Anaconda, makers of the Python distribution of the same name for scientific computing applications, conducted its 2020 State Of Data Science survey with 2,360 respondents from 100 countries, slightly less than half of those hailing from the U.S.
Despite all the advances in recent years in data science work environments, data drudgery remains a major part of the data scientist’s workday. According to self-reported estimates by the respondents, data loading and cleaning took up 19% and 26% of their time, respectively—almost half of the total. Model selection, training/scoring, and deployment took up about 34% total (around 11% for each of those tasks individually).
When it came to moving data science work into production, the biggest overall obstacle—for data scientists, developers, and sysadmins alike—was meeting IT security standards for their organization. At least some of that is in line with the difficulty of deploying any new app at scale, but the lifecycles for machine learning and data science apps pose their own challenges, like keeping multiple open source application stacks patched against vulnerabilities.

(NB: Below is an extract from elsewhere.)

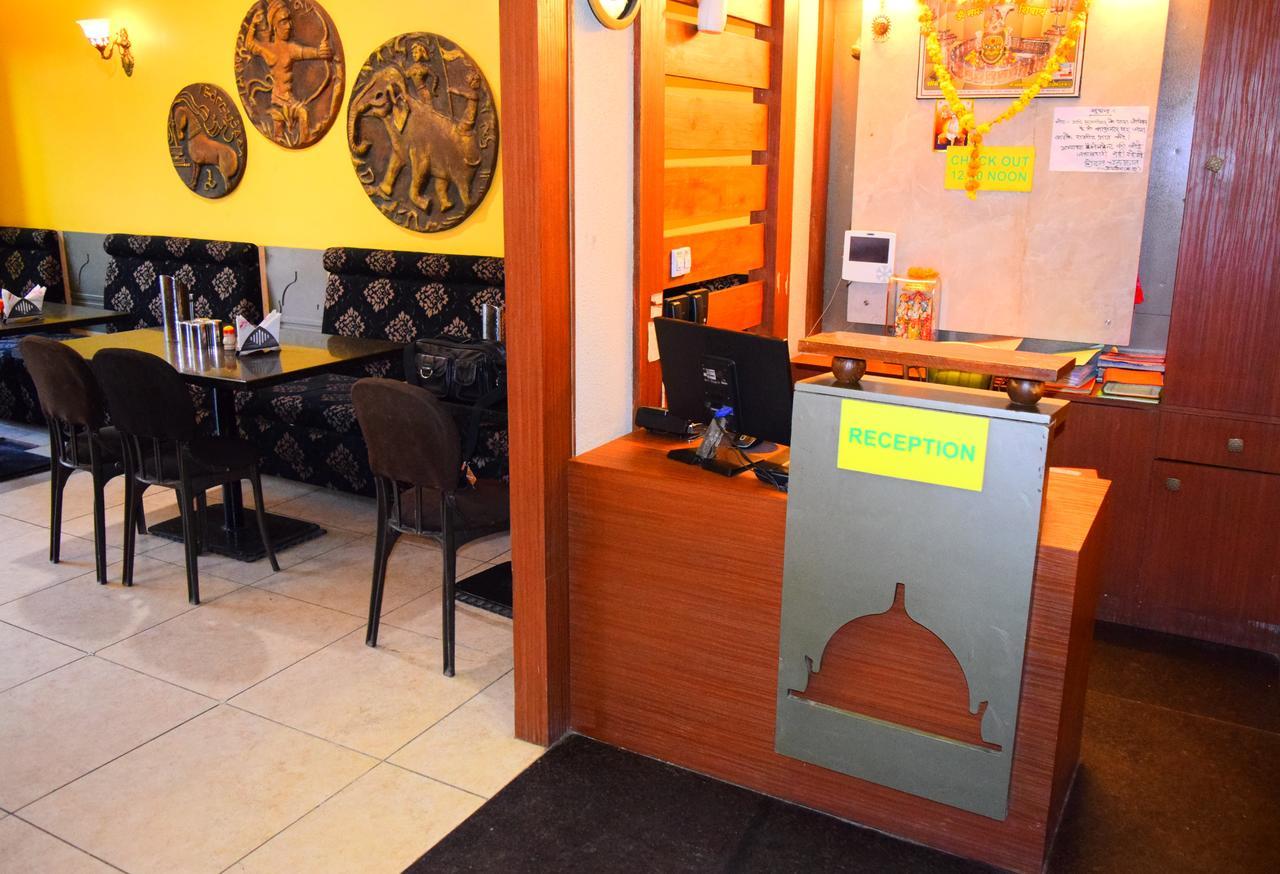 Hotel Chandragupta Ujjain Exteriör bild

Another issue cited by the respondents was the gap between skills taught in institutions and the skills needed in enterprise settings. Most universities offer classes in statistics, machine learning theory, and Python programming, and most students load up on such courses. But enterprises find themselves most in need of data management skills that are taught only rarely or not at all, and advanced math skills that students don’t often develop. Students themselves felt lack of experience (40%) and technical skills (26%) were the biggest barriers to jobs in the field, shortcomings that (according to Anaconda) could be better addressed by strong internship programs that “go beyond providing a résumé enhancement and hands-on-keyboard technical skills.”